Identified netting transaction with simultaneous actual dispositions. (i) On December 1, 1995, A purchases 1,000 shares of XYZ stock for $100,000 and enters into a forward contract to sell 1,000 shares of XYZ stock on November 30, 1997, for $110,000. The XYZ stock is actively traded as defined in § 1.1092(d)-1(a) and is a capital asset in A's hands. A maintains books and records on which, on December 1, 1995, it identifies the two positions as all the positions of a single conversion transaction. A owns no other XYZ stock. On December 1, 1996, when the applicable imputed income amount for the transaction is $7,000, A sells the 1,000 shares of XYZ stock for $95,000. On the same day, A terminates its forward contract with its counterparty, receiving $10,200. No dividends were received on the stock during the time it was part of the conversion transaction.

(ii) The XYZ stock and forward contract are positions of a conversion transaction. Under section 1258(c)(1), substantially all of A's expected return from the overall transaction is attributable to the time value of the net investment in the transaction. Under section 1258(c)(2)(B), the transaction is an applicable straddle as defined in section 1258(d)(1).

(iii) A disposed of or terminated all the positions of the conversion transaction within 14 days and within the same taxable year as required by paragraph (b)(1) of this section. The transaction is an identified netting transaction because it meets the identification requirement of paragraph (b)(2) of this section. Solely for purposes of section 1258(a), the $5,000 loss realized ($100,000 basis less $95,000 amount realized) on the disposition of the XYZ stock is netted against the $10,200 gain recognized on the disposition of the forward contract. Thus, the net gain from the conversion transaction for purposes of section 1258(a) is $5,200 ($10,200 gain less $5,000 loss). Only the $5,200 net gain is recharacterized as ordinary income under section 1258(a) even though the applicable imputed income amount is $7,000. For Federal tax purposes other than section 1258(a), A has recognized a $10,200 gain on the disposition of the forward contract ($5,200 of which is treated as ordinary income) and realized a separate $5,000 loss on the sale of the XYZ stock.
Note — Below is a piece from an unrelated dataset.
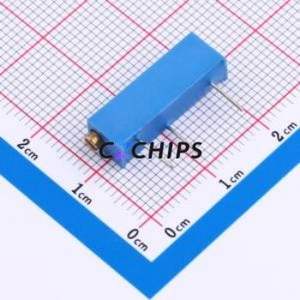 ตัวต้านทาน/โพเทนชิโอมิเตอร์แบบปรับได้สำหรับ3006P-503ผ่านชิ้นส่วนรู (THT)-3P, ตัวต้านทาน6.5x4.9มม. 50Kohm 10% 750 250mw ppm. - Product Image 2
Example 2. Identified netting transaction with built-in loss.
(i) The facts are the same as in Example 1, except that A had purchased the XYZ stock for $104,000 on May 15, 1995. The XYZ stock had a fair market value of $100,000 on December 1, 1995, the date it became part of a conversion transaction.

(ii) The results are the same as in Example 1, except that A has built-in loss (in addition to the $5,000 loss that arose economically during the period of the conversion transaction), as defined in section 1258(d)(3)(B), of $4,000 on the XYZ stock. That $4,000 built-in loss is not netted against the $10,200 gain on the forward contract for purposes of section 1258(a). Thus, the net gain from the conversion transaction for purposes of section 1258(a) is $5,200, the same as in Example 1. The $4,000 built-in loss is recognized and has a character determined without regard to section 1258.

(e) Effective date and transition rule -

(1) In general. These regulations are effective for conversion transactions that are outstanding on or after December 21, 1995.

(2) Transition rule for identification requirements. In the case of a conversion transaction entered into before February 20, 1996, paragraph (b)(2) of this section is treated as satisfied if the identification is made before the close of business on February 20, 1996.